One final note based on my “control of coin” issue. If your pool has a minimum payout, that dictates the earliest you can have control. But it they let you change that or turn off auto payouts, you have the control of when you receive the coin.
Having been audited three times by the IRS (once they found an error in my favor as an expense wasn’t included but discovered during the audit), I fairly confident in my tax position.

1 Like

As I have said before taxes are based on the facts and circumstances of the issue. For you and your specific facts and circumstances what you stated may be 100% correct. It does not mean it is correct for everyone else, it is only correct for people with very similar facts and circumstances.

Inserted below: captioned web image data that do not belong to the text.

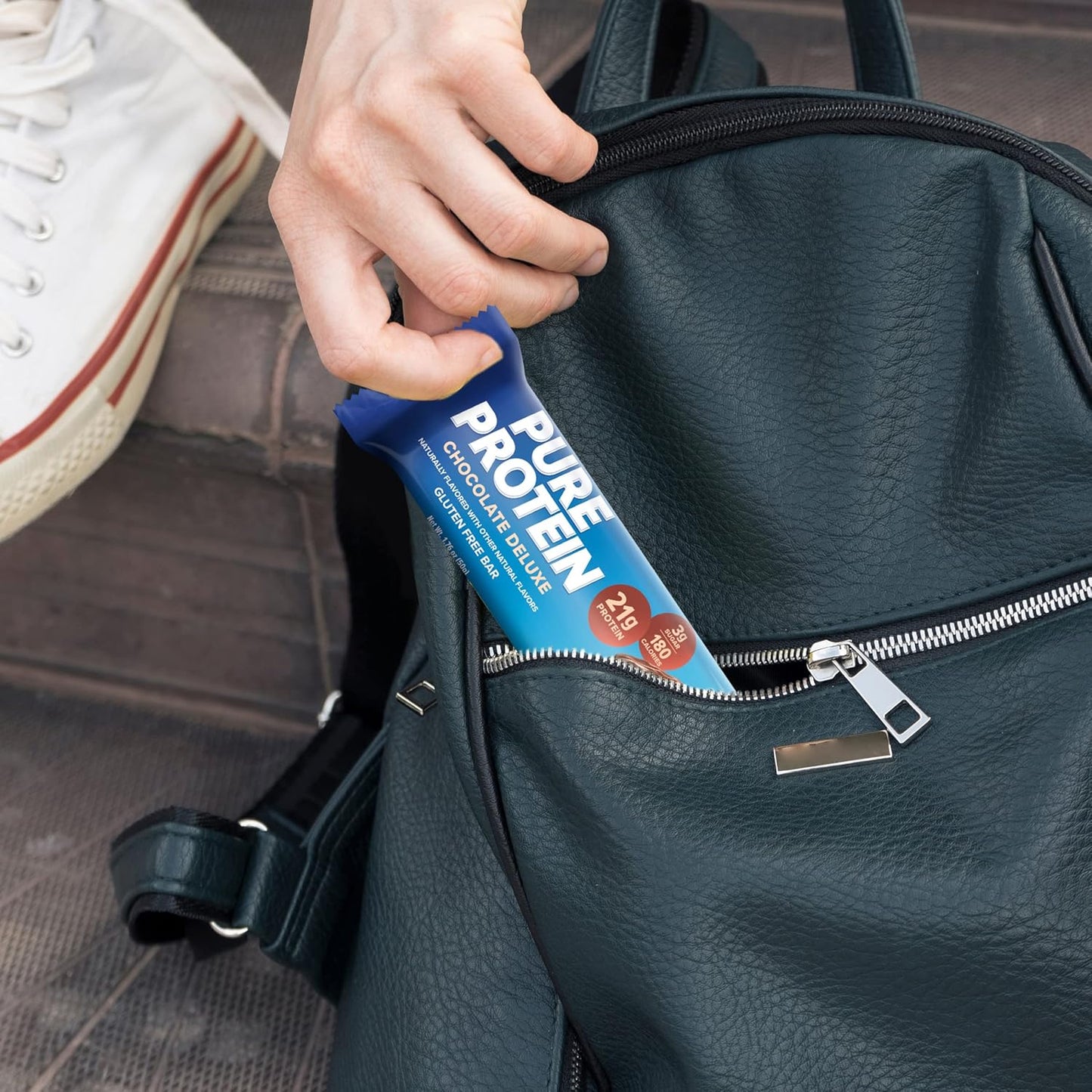 Pure Protein Chocolate Deluxe Protein Bars – 20g Protein, 3g Sugar, 190 Calories (12 count) Low Sugar* High Protein Snack - Gluten Free - Perfect for a Healthy Snack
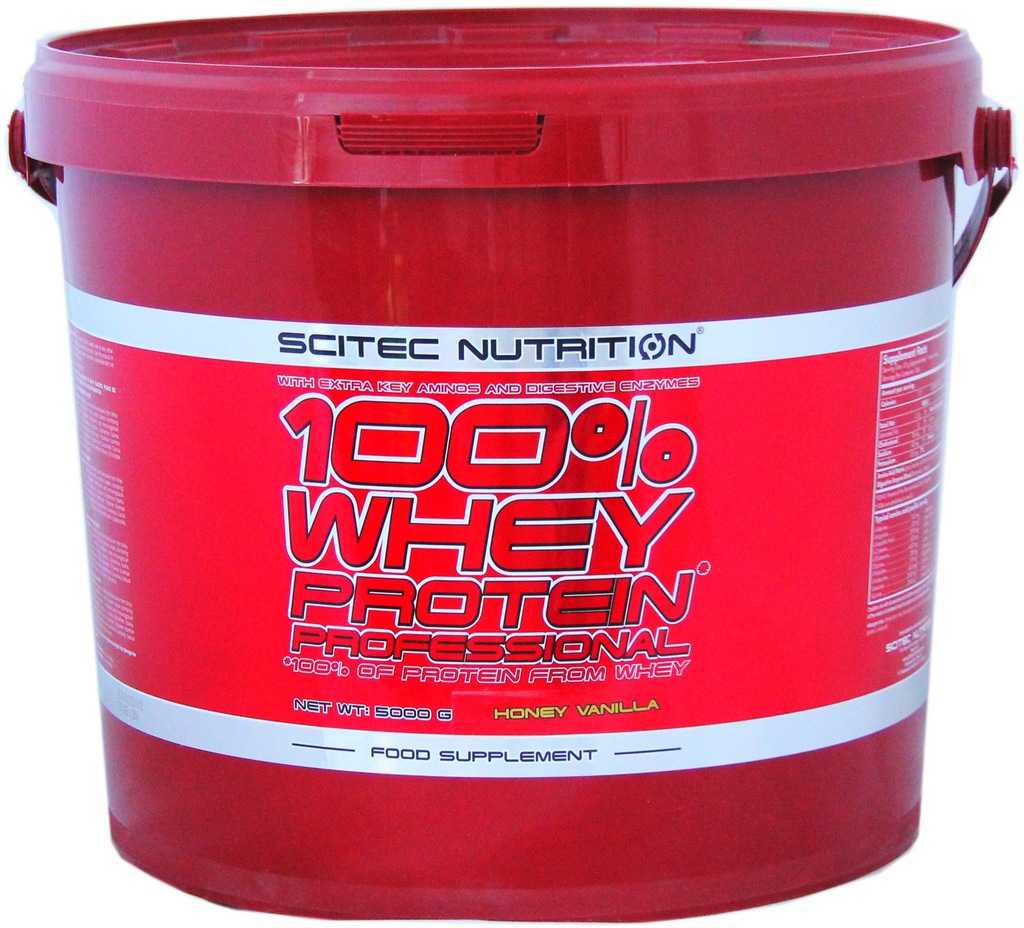 SCITEC 100% WHEY PROTEIN PROFESSIONAL 5kg BIAŁKO !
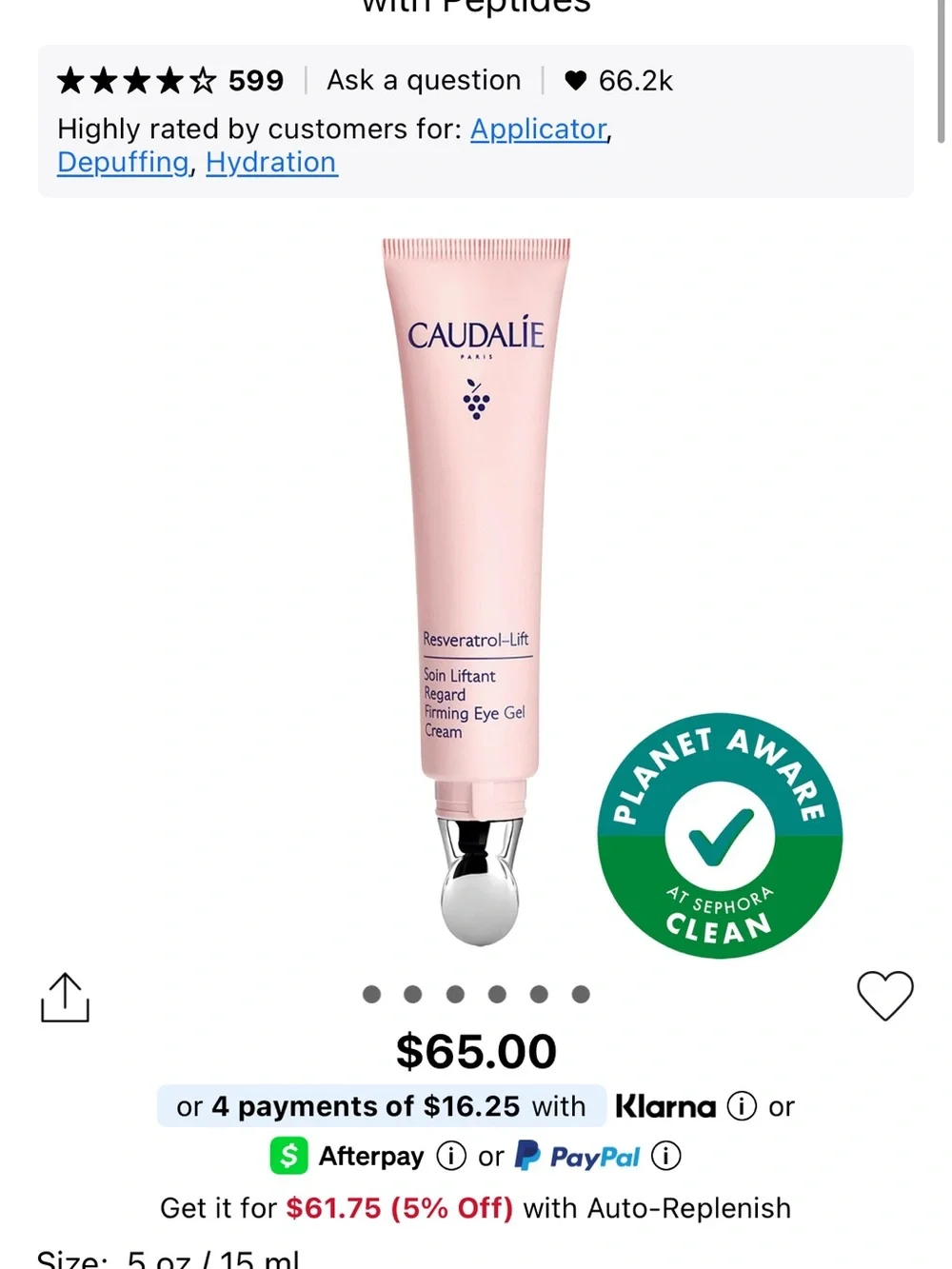 caudalie eye peptide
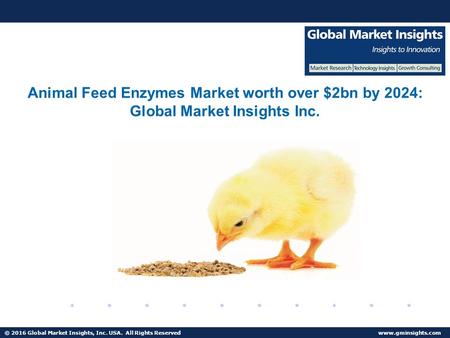 © 2016 Global Market Insights, Inc. USA. All Rights Reserved  Fuel Cell Market size worth $25.5bn by 2024 Animal Feed Enzymes Market.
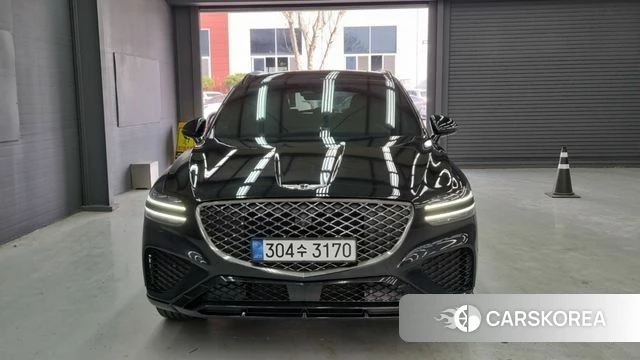 Genesis GV70 2021 Черный из Кореи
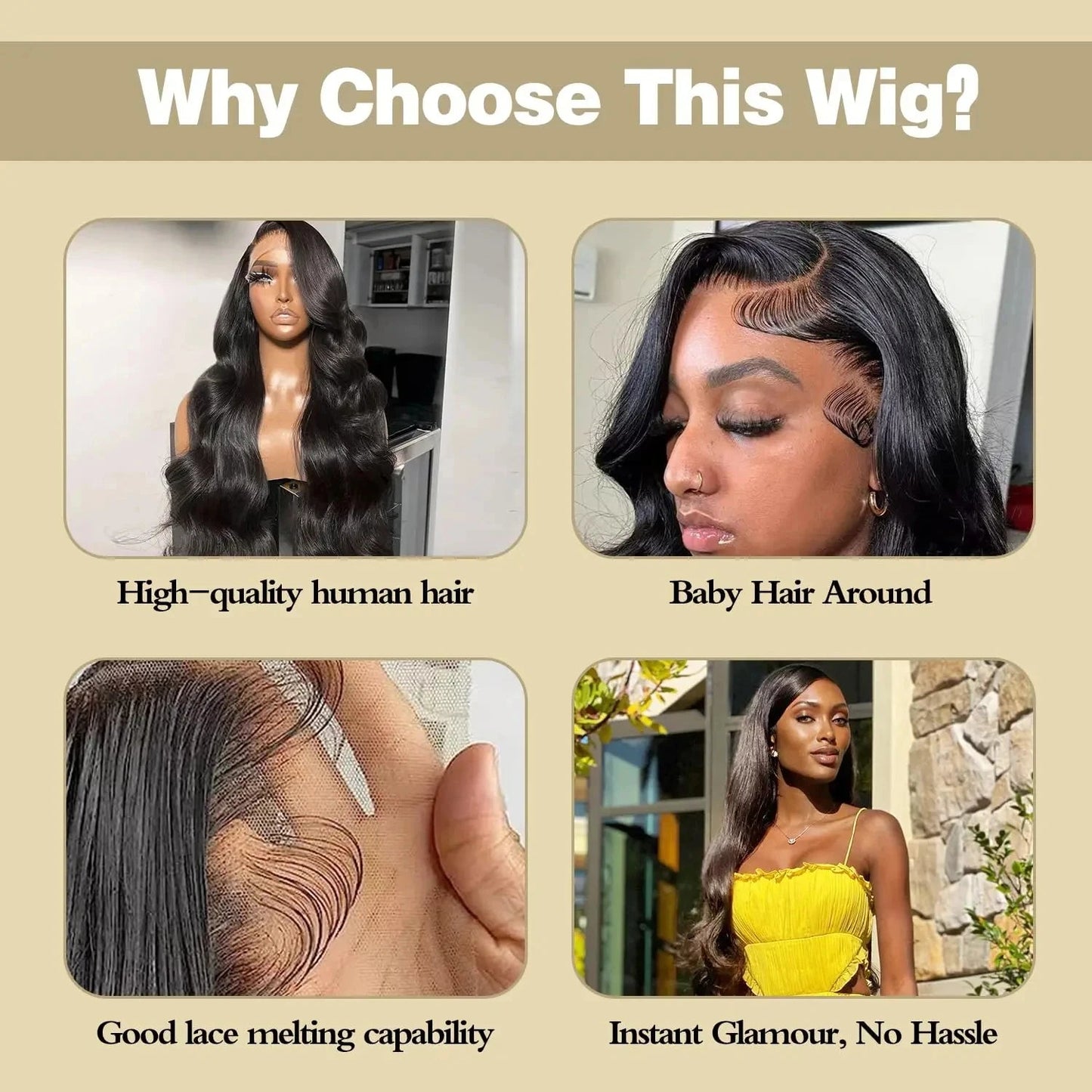 Upgraded 1B/30 Balayage Body Wave 13x4 Highlight Lace Front Human Hair Wig Vietnamese 30 Inch Omber Brown Colored Wig Human Hair Viralgem Store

The example used for an employees wages is not the same things when dealing with control most of the time. Your personal income is cash based accounting so when you receive the income or expenses is when you take it into account for taxes. This makes sense for this to be treated like this

A business can be a calandra or fiscal year tax payer. A business can choose cash or accrual based accounting. Over 90% of all business choose accrual based accounting. For accrual accounting you recognize the income and expenses as they become certain even if they have not been paid or received yet. So the business recognizes the income as soon as an order is placed. They also recognize the expense when it is committed or agreed too.

Using your example of two weeks of wages the business recognizes the expense each day the employee worked. This is a liability to the business and they own the money to the employee for the day they worked. The pay check to the employee is just the accumulation of the build up wages for that employee that are finally paid in accordance to their payroll policy. The employee does not earn the income until they are paid.

This can be seen more clearly at the end of a year. If an employee works the two weeks before the end of the year the company if accrual will take the expense that year regardless of the year it is paid in. If the date on the employees check is December 31 this amount is included that that years W-2. If the check is dated January 1 then the two weeks wages are on the employees following years W-2.

If the business was instead a cash basis tax payer then the would recognize the expenses for the wages you in the year that they are paid. They would recognize income in the year it is received.

Maybe HiveOS will provide a 1099?

Better guidance from the IRS than a notice and FAQ would be helpful.

How is your identity connected to your mining operation?
You buy a miner, connect it to a pool and the pool sends your coins to a wallet.
If the wallet is private then your identity is not connected to those coins right?
So you can buy stuff without paying taxes?
Or you can transfer to some KYC operation, trade for cash and pay taxes at that time?

I agree, but I doubt they will provide it. Guidance will
Come through court cases and appeals

This is a great way to get in trouble. At least in the US.

When a coin is minted it becomes part of the blockchain. The blockchain records all movement and you can also find the entire amount held in a wallet. At any time a coin hit anyplace with KYC you have created a trail that can be followed electronically and physically back to the point it was created. People make mistakes and leave a much larger digital and physical fingerprint then they think they do.

Tax and law enforcement agencies can track the movement of crypto.

In the end people will do what they do and think they can do. Breaking the law is still breaking the law even if you don’t know you are breaking the law.